(WHAT YOU SHOULD DO):
All of the data should be reproduced word for word, though its pictures must be omitted.

(DATA PROVIDED):
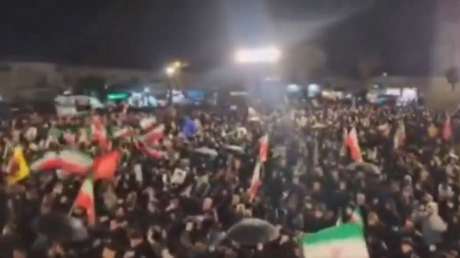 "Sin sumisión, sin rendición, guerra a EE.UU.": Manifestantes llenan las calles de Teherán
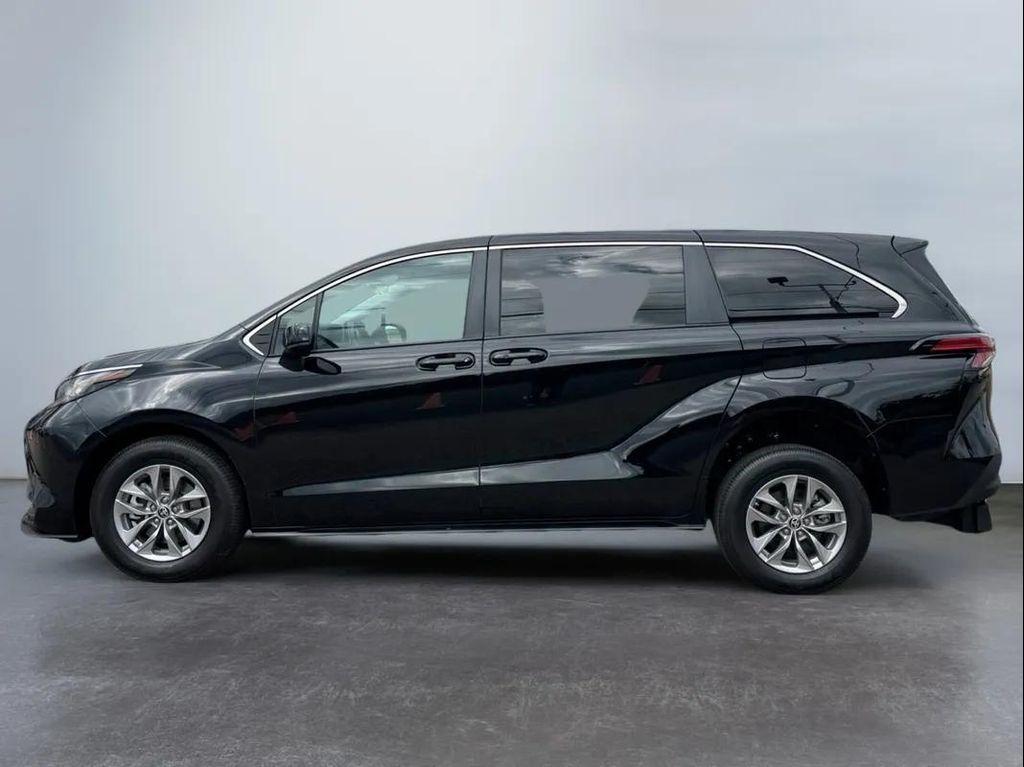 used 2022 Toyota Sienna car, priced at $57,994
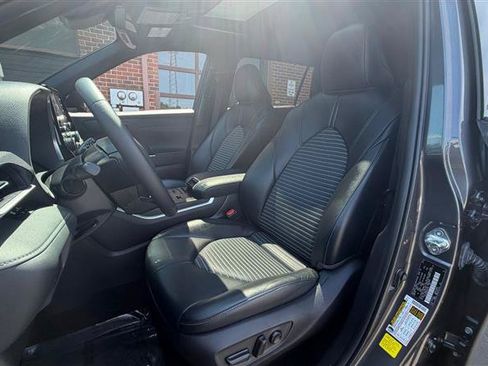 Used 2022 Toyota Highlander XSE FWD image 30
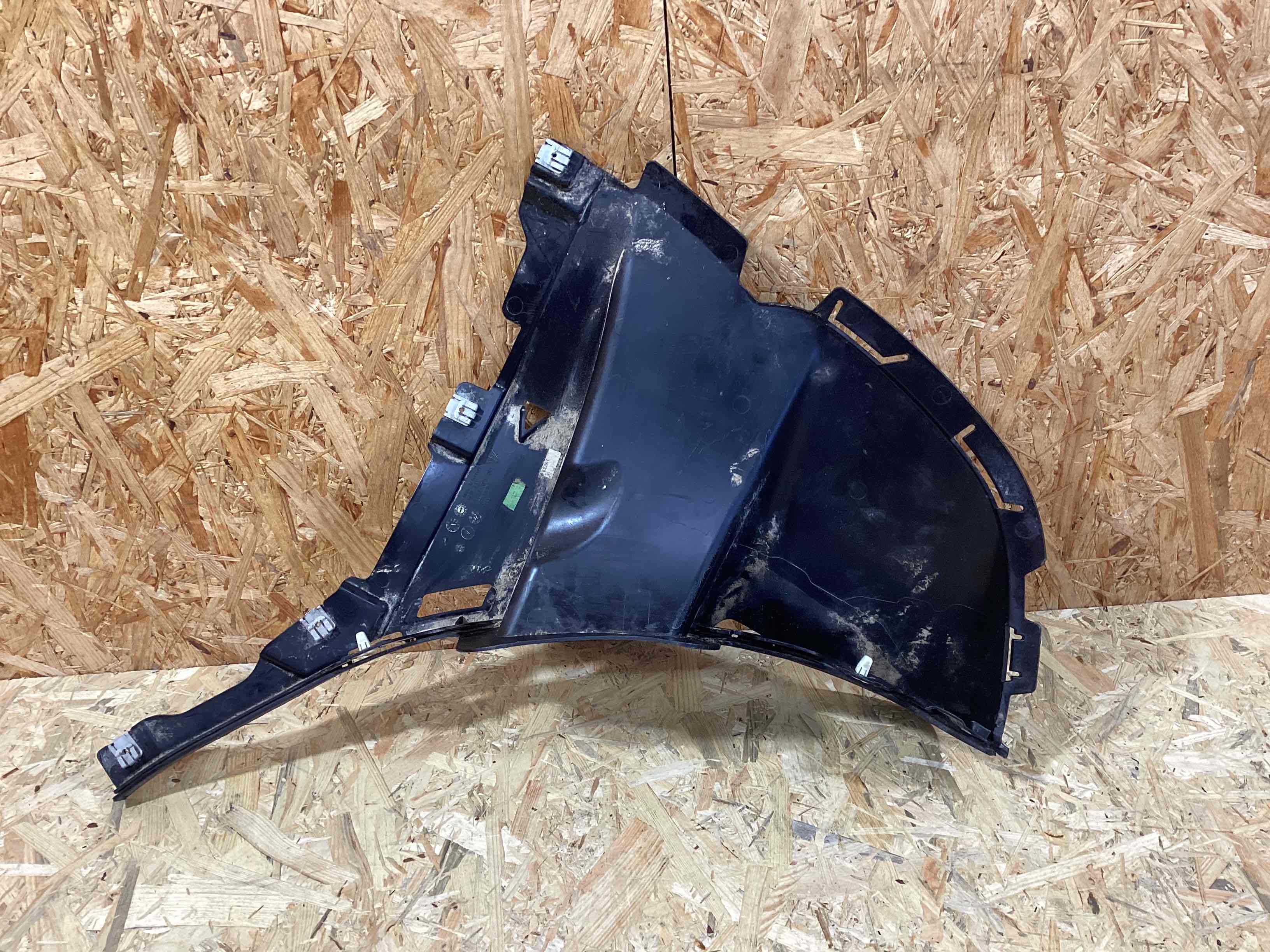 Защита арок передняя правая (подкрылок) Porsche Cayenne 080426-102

(ANSWER TO THE EXERCISE):
 "Sin sumisión, sin rendición, guerra a EE.UU.": Manifestantes llenan las calles de Teherán
 used 2022 Toyota Sienna car, priced at $57,994
 Used 2022 Toyota Highlander XSE FWD image 30
 Защита арок передняя правая (подкрылок) Porsche Cayenne 080426-102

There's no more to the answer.